Not only did he say it was possible, but he went as far as saying He says it is possible, and I quote, “A new theme is again, just content. Since the theming code would just apply it.” A new theme is possible at this point Changes to the existing Aero Glass is possible, a new Aero (tier) is not. But I’m confident nothing more than only a refined Aero Glass is coming, since there are only months left before Vista has to be shipped.
Important: Paul wants to make sure everyone is clear on this issue. NO new Aero is coming. NO vector Glass. NO new theme. These were ONLY stated as examples.
Paul also reconfirmed strongly since Beta 2, Vista was “feature-locked”. That is, no additional features may be added to Windows Vista at this time in development. However exceptions apply.
No new features can be added, but features can be changed. Changing the log-on screen feature after it’s already been in the build is very possible. I didn’t clarify how much you could change a feature before it is considered a ‘new feature’, but I presume you could quite a bit of remodeling.
Then I asked about the possibilities of adding a clock to the log-on screen. Paul states two possible alternatives, depending on how the feature was documented. If the clock feature was internally enumerated in it’s own feature specification, then adding that feature after Beta 2 would be impossible. However, if the specifications for the log-on screen includes a clock as part of its features, then adding the clock would be considered a “work item”, a yet-to-be implemented part of a feature. For example, if the clock was in the original pre-Beta 2 specifications for the log-on screen, then is definitely possible for it to show up in the future.

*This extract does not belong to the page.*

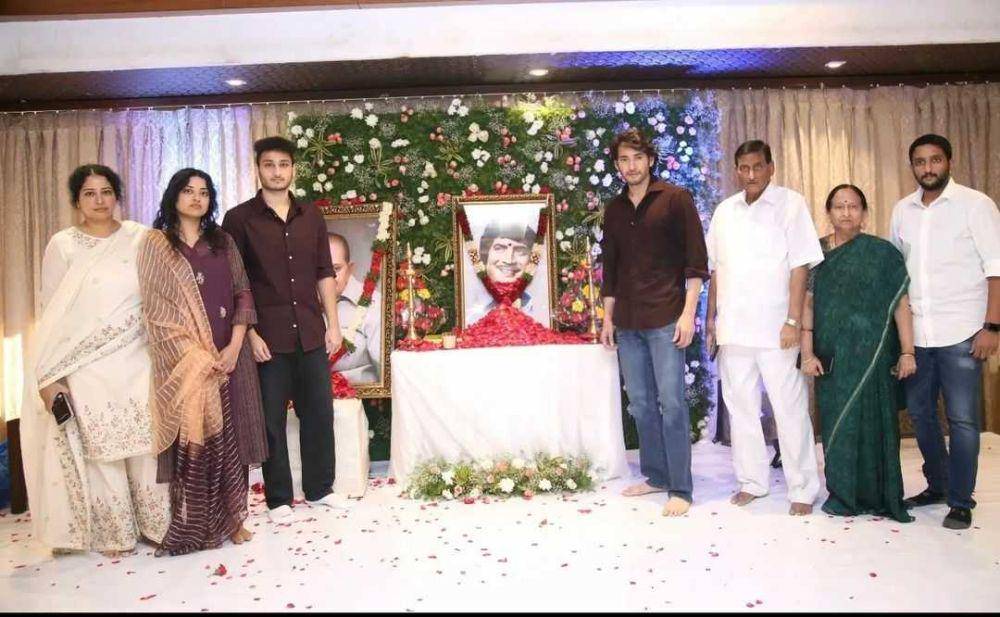 Mahesh Babu dan keluarga (instagram.com/urstrulymaheshhu)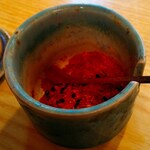 Sasagawa Shiyokudou - 香の好い七味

Important: Paul also wants to make sure everyone is clear on the clock idea. He cannot confirm whether or not a clock will/will not be added to the final release. It was ONLY stated as an example.
But without access to the internal specifications, we can never know for sure what is planned for the final Windows Vista release. There could even be significant chunks of features still missing from current builds.
In conclusion, it was a very short but informative conversation. So here’s what I learned in summary:
- New wallpapers, system sounds, help files are not features.
- An updated Aero Glass is possible, although not probable. A new theme is even possible too (from a development standpoint), but is definitely not planned.
- Vista is definitely “feature-locked”. No new features can be added.
- “Features” may be incomplete. New “features parts” could be coming.